WORKDIR /src/DockerConsoleApp
RUN dotnet build -c Release -o /app

FROM build AS publish
RUN dotnet publish -c Release -o /app

FROM base AS final
WORKDIR /app
COPY --from=publish /app .
ENTRYPOINT ["dotnet", "DockerConsoleApp.dll"]

Obviously, the directory and file names (DockerConsoleApp in the example above) will depend on the name of your project.

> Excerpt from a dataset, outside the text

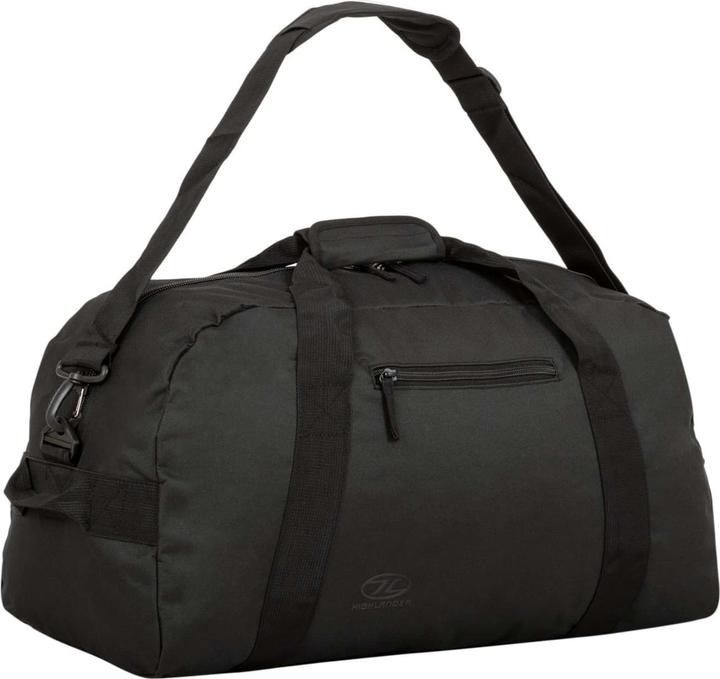 Immagine prodotto Highlander Cargo 45l Nero (45 l)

Let’s split the analysis into the four stages defined in this file (base, build, publish and final) but I’ll tackle them from most-to-least obvious or complicated. So let’s start with the publish stage.

Publish stage

FROM build AS publish
RUN dotnet publish -c Release -o /app

The first line indicates that this stage depends on the build one, but that doesn’t prevent us from easily explaining what happens here. The one thing that’s worth noting is that the build stage has a copy of our application’s source code, and so RUNning dotnet publish in this stage does exactly what it sounds like: it builds our code (using the Release configuration specified with the -c parameter) and publishes the output to the /app directory in the image (specified with the -o parameter). Not much else to say here, so let’s move on.

Final stage

FROM base AS final
WORKDIR /app
COPY --from=publish /app .
ENTRYPOINT ["dotnet", "DockerConsoleApp.dll"]

This is the easiest stage to figure out. First off, it is based on the base stage, which in fact does nothing. “Why does it exist, then?” you might ask? We’ll get to that. What matters now is that the base stage depends on the official microsoft/dotnet:2.0-runtime docker image from Microsoft, which as its name implies contains the runtime bits to run (but not build) .NET Core applications (in particular console applications, ASP.NET Core applications are a slightly different story). This stage produces the final image that we’d publish to a repository so we want it to be as small as possible, making the 2.0-runtime image the best fit.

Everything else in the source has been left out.